Leave the pictures out. Retype exactly the lines below from the one containing "Wholesale 6pin 120mm" through the one containing "For Magsafe Liquid", and no others.

--

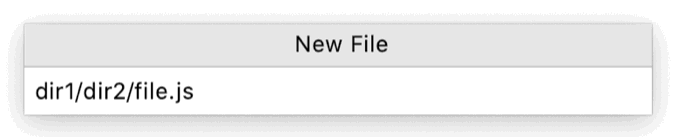 'New file' dialog in WebStorm also accepts path names.
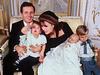 Stefano Casiraghi in princesa Caroline z otroki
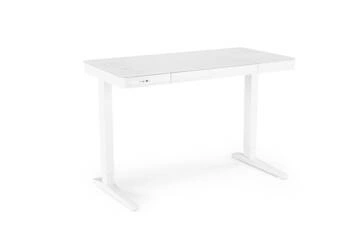 Moderní bílé psací stůl s nastavitelnou výškou a zásuvkami Alembe Intesi 120x60 cm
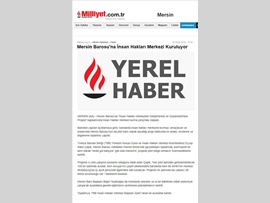 BASINDA BAROMUZ (Mersin Barosu'na İnsan Hakları Merkezi Kuruluyor)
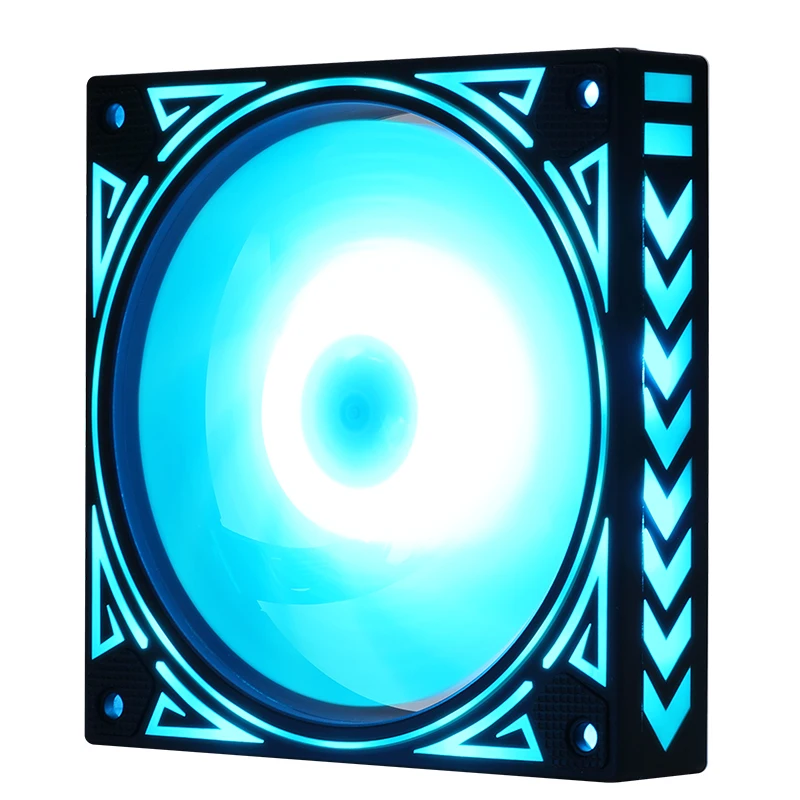 

Wholesale 6pin 120mm RGB Fan LED Colorful Cooling Fan PC, Multi-color, green, red, white, purple, yellow ect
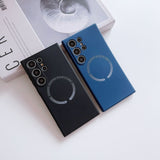 For Magsafe Liquid Silicone Magnetic Phone Case For Samsung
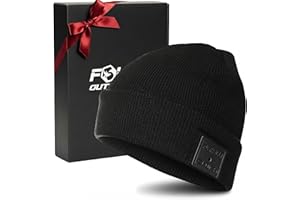 Foxelli Bluetooth Beanie Hat – 15-Hour Battery, Built-in Mic, Fully Washable, Perfect Tech Gift for Men & Women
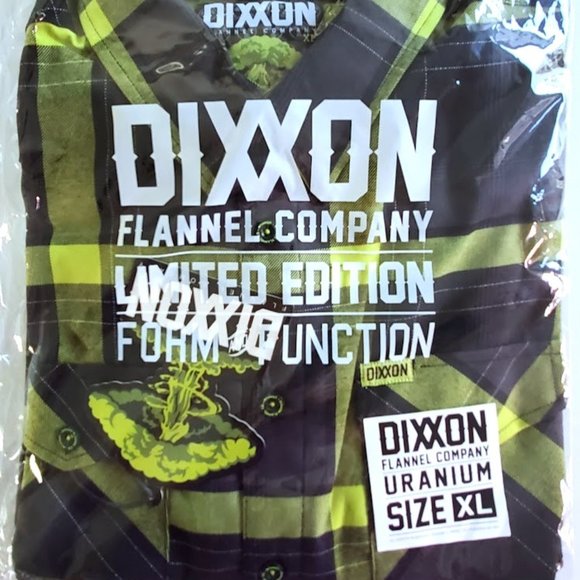 Dixxon Flannel URANIUM Limited Edition Men's Flannel Shirt XL - Picture 9 of 11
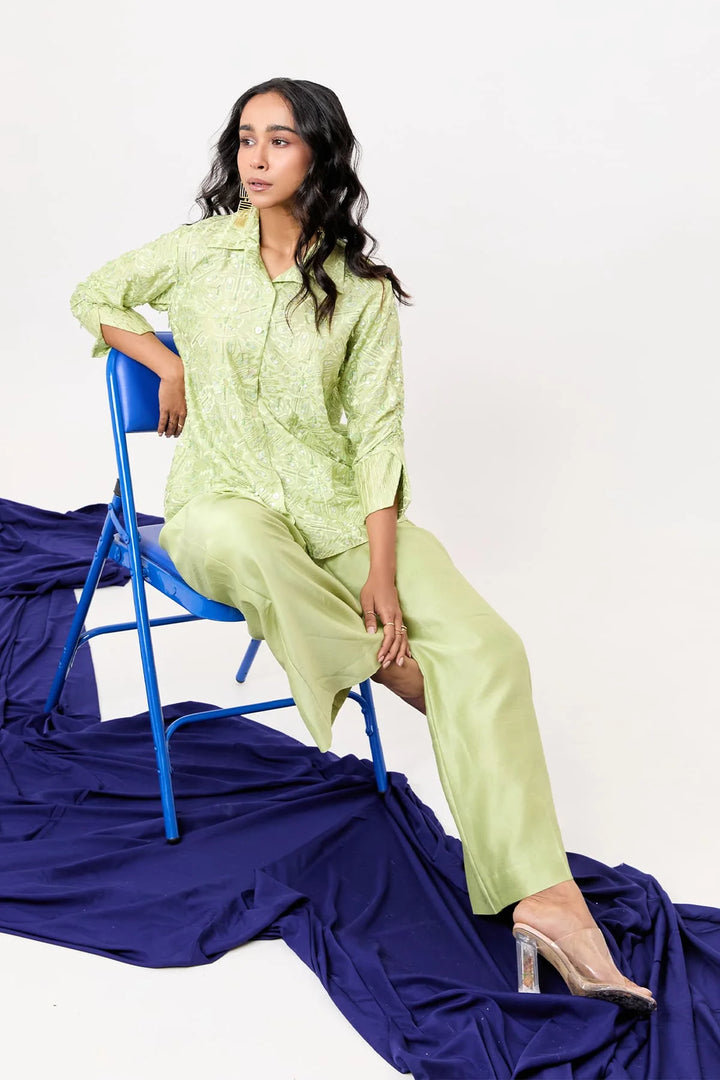 Scrunched sleeve detail Shirt se
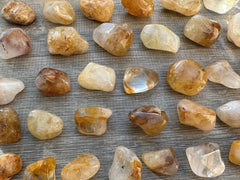 GAF TREASURES Golden Healer Quartz in hand fosters calm focus during mindfulness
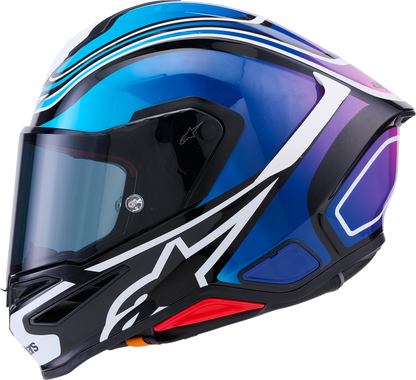 ALPINESTARS Supertech R7 Helmet - Zeal - 22.06 - Gloss Black/Blue/Pink Fluo/White - 2XL 8202826-1636-2XL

--

▶ **Answer to this exercise**
Wholesale 6pin 120mm RGB Fan LED Colorful Cooling Fan PC, Multi-color, green, red, white, purple, yellow ect
 For Magsafe Liquid Silicone Magnetic Phone Case For Samsung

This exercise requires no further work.